Wednesday 22 January 2020

Country Matters: Humble bumble touches our hearts

BUMBLER: Soft spot for bees
BUMBLER: Soft spot for bees

Joe Kennedy

Some sights of summer: a grasshopper seeking water; several honey bees visiting lavender.

A beekeeper whose hive inhabitants disappeared in a swarm (with queen) now has to buy a new lady and begin again. (I know nothing of bees except it is a serious business when I read of rustlers removing entire apiaries under cover of darkness in Australia and New Zealand.)

My most frequently observed bee has been the humble bumble (Bombus hortorum), that regal lady of old gardens which dives into foxglove bells or burrows beneath the silken fold of rose petals. As well as mankind's depredations, she must deal with heat as climate change squeezes her range across northern Europe. She is stubborn, clinging to old territories and compressed in a parched existence. Unlike butterflies and other insects, she is not moving with the shifting sands. Researchers are puzzled. Bumbles evolved under a cool climate and are relatively intolerant of high temperatures - 45°C will kill them and of course will dry up vital food sources.

Earlier, you may have seen a bumble queen in a relentless search for a nest site to begin a new colony. Some people will bury old teapots (spout protruding) to attract them. The bees will look for nesting places in the deserted homes of mice where there is old fluff, paper, dead grass. They will seek old boots or the pockets of half-forgotten coats hanging in sheds. The searching queen is inquisitive for places near fences, rocks and logs.

When a brood of workers emerges she will feed them until it is time for them to set out and get food for her! Bumbles do not store food and only mated queens survive the winter months. They live reclusive lives and are difficult to monitor.

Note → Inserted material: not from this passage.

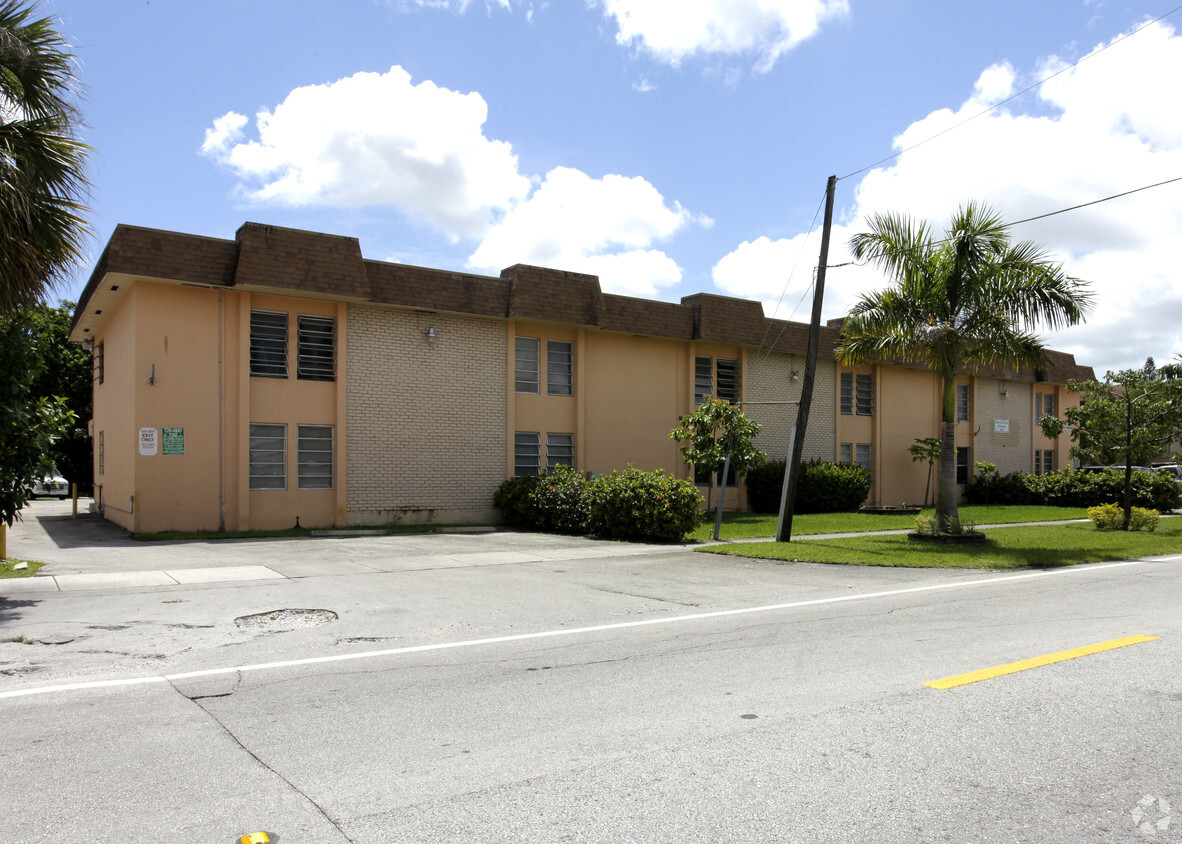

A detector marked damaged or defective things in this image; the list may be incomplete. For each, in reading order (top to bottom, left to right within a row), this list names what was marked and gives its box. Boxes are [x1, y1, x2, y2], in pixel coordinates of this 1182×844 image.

The bumble is a rare creature that struggles in the face of adversity. Disease, pesticides, habitat damage and food scarcity have seen about 20 species disappear with the same number remaining. Many have moved westwards away from the urban density of the east coast.

Much of the decline in numbers may be traced to the virtual disappearance of red clover from meadows from the grass harvest switch to silage about 50 years ago. The best way to encourage them is to provide food - early flowering plants such as dead-nettle and archangel, then lupins, salvias, delphinium, honeysuckle, lavender, thyme, borage and bush fruits. (Not forgetting the clovers!)

Bees generally appear to have had a history of problems - and some cracked problem solvers, even Charles Darwin and TE Huxley. Two hundred years ago Darwin blamed mice for falling bee numbers and said if bees were lost, so would red clover - and, ergo, the cattle trade would be finished!

Huxley, not to be outdone, advocated fewer marriages to help the bees. Unmarried maidens, he said, were fond of cats, the cats hunted mice so more spinsters were needed to save the bees!

I can't recall where I read this wisdom of great philosophical minds but it was many years ago.

Meanwhile, the humble bumble still trundles about, touching a soft spot in our hearts and looking for that elusive red clover.